Digitalization is achieved in two steps: First, data must be available in digital form. The process of making data available digitally is referred to as digitization; in the engineering sciences, with certain exceptions (e.g. data published in old volumes of journals that have not yet been digitized by scanning), this can usually be presupposed. However, the possible use of raw unannotated digital data, also known as dark data [13, 14], is very limited. Beyond digitization, a second step is therefore required for digitalization to ensure that the data are and remain findable, accessible, interoperable and reusable (FAIR): These are the FAIR principles of data management or data stewardship [15,16,17]. For some applications, such as mediation systems [18, 19] for Ontology-Based Data Access (OBDA) to distributed heterogeneous data sources [20, 21], these four principles are jointly fundamental and cannot be separated from each other.

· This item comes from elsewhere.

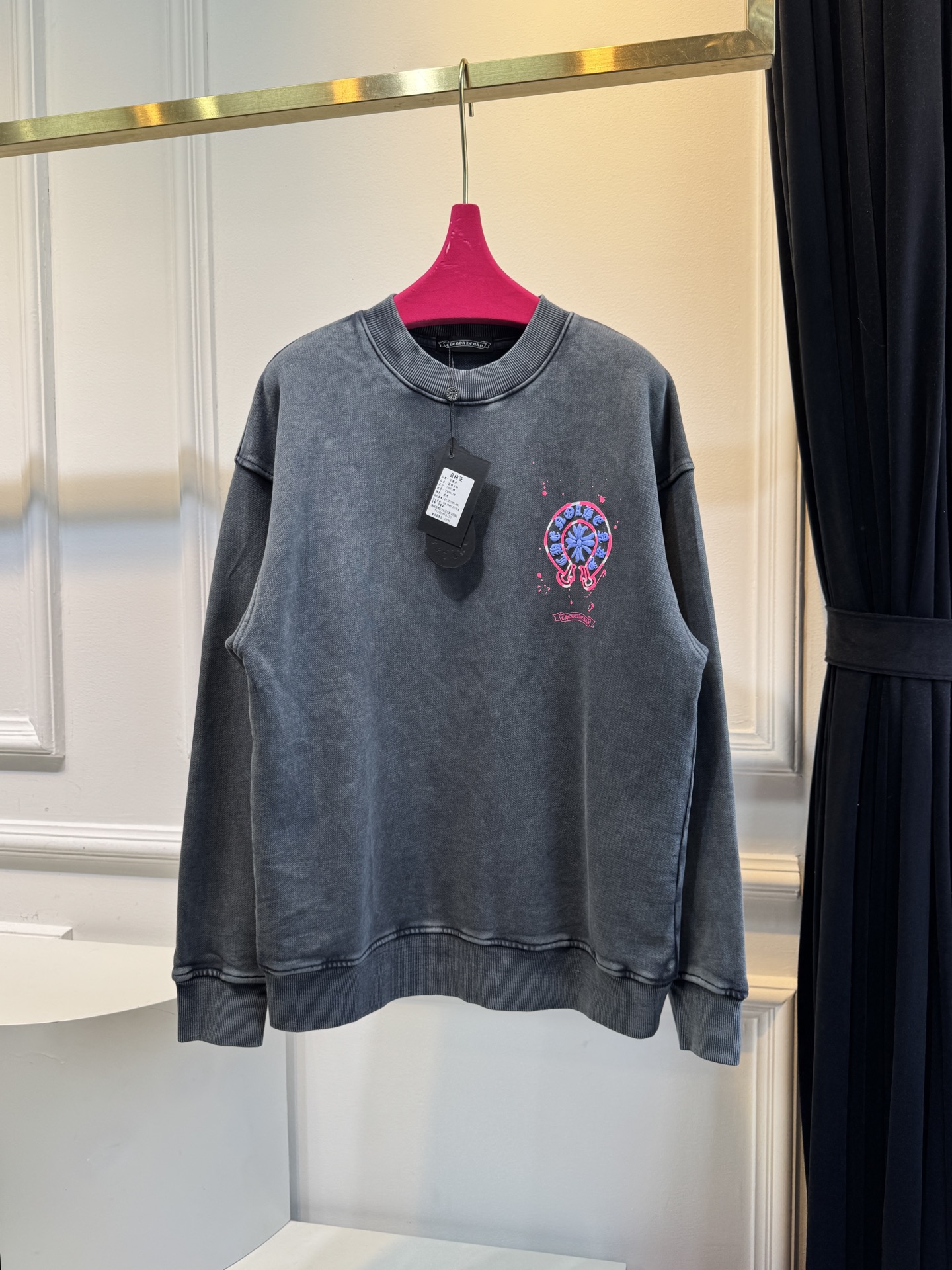 chro*e He*rts克罗心
发泡印花工艺套头圆领卫衣，发泡印花可以让图案更具层次感和立体感，能增加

In other typical cases, e.g. for complex simulation workflows, interoperability is the main concern [22, 23]; however, even in these cases, it is reasonable to follow good practices concerning all the aspects of FAIR data management. Findability and accessibility are supported by systems of persistent identifiers, with Digital Object Identifiers (DOIs) now covering almost all scientific publications, as well as platforms and legal solutions for open-access publishing.

The single aspect of greatest importance to the findability, interoperability and reusability of data is semantically characterized data annotation, i.e. the provision of metadata in a way that is widely agreed and understood on the basis of community-governed metadata standardization. This is the main topic of this book, where the focus will be on the interoperability aspects of FAIR data management and its practical realization by digital platforms and data infrastructures for materials modelling.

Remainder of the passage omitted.